The Quarry Girls(71)



“You know the police?”

“We’re an all-night diner. You get to know everyone.”

I tasted that for a few seconds. “Did Beth have any regulars? Anyone acting strange who came in that night?”

She studied me down the end of her nose. “Police asked the same question. Beth was popular. Everyone loves a redhead. A couple of the regulars set off our radar. One of them, he looked like he was auditioning for West Side Story.”

My heartbeat tumbled, skipped a beat, came back twice as strong. “Was his name Ed Godo?”

“Don’t know his name. Short guy, midtwenties, greased-back black hair, leather jacket even when it was hot as the devil’s crack. Drank cola and popped Anacin like it was his job. Wore lifts in his shoes.”

“You told all this to the police?”

“Yep. Told them he didn’t come in that night, either.”

The back door opened again. “You want a job, you get your ass back to work right now, Lisa.”

“Gawd!” she said, shaking her head, but she stubbed out her cigarette on the side of the building and tossed it into the nearby garbage bin. “Sorry I couldn’t be more helpful.”

“I appreciate your time,” I said.

She smiled and turned to go inside.

“Wait,” I said. “You mentioned she had a couple regulars who didn’t feel right. Who were the others?”

She stopped with her hand on the door. “Not others. Other. Jerome Nillson.”

The shock kicked me out of my own body, but Lisa kept talking, oblivious.

“Like I said, you get to know everyone. Nillson ended up in Bethie’s section often enough that it couldn’t be coincidence. She said she didn’t like him, but what’re you gonna do?” she asked, shrugging. “Too bad him and the Fonz didn’t get together and cancel each other out.”





CHAPTER 43


The bike ride home felt heavy, like someone had tied rock-filled saddlebags to my Schwinn. Ed Godo and Jerome Nillson had both been regulars in Beth’s life as well as Maureen’s, and they also both knew Brenda. Plus, while they landed on different sides of the badge, both men were dangerous. Their connections to three missing girls, one of whom had been found dead, couldn’t be a coincidence. Still, I didn’t know what to do with the information. Maybe I could apologize to Claude and we could figure this out together.

Except I didn’t think I owed him an apology.

The faraway squeal of an ambulance knit itself into my thoughts, made me think of my mom, how tightly desperate she grew when she had to live in a hospital room, how much it hurt to see her in a place where everything had to be soft edged, where no strings were allowed, even shoelaces. I had a special pair of slippers I wore to visit her.

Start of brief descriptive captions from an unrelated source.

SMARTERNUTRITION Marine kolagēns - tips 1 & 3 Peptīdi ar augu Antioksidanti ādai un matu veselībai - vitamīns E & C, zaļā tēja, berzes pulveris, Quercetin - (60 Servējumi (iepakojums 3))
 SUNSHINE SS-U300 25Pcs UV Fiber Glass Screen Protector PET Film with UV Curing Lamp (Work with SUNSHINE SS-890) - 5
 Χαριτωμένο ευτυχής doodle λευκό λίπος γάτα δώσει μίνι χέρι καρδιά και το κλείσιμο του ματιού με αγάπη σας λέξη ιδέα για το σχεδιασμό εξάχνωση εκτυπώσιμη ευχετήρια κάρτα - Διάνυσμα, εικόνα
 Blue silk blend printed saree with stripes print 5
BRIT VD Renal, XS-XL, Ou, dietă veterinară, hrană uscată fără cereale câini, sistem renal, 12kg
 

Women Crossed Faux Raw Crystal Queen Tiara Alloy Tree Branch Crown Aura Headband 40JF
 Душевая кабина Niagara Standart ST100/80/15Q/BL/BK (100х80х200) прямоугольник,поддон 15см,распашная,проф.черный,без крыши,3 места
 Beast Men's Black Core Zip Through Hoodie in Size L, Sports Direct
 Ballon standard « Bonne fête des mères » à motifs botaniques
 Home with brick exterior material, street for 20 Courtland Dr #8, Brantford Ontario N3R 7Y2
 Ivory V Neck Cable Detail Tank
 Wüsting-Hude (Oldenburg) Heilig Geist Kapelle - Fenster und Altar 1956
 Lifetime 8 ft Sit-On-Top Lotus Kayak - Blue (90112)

The ambulance keened closer as I reached the east edge of Pantown, blazing down the main drag. A police car followed immediately behind. I’d been vaguely headed home, but I swung a left to follow the sirens. Toward the quarries. I didn’t want to examine too closely why the emergency vehicles were pulling me like a magnet. Maybe because they’d passed right by me, and the day was hot. Maybe it was because I didn’t want to return to an empty house, or because worry buzzed like bees in my belly, had been swarming there for days and days.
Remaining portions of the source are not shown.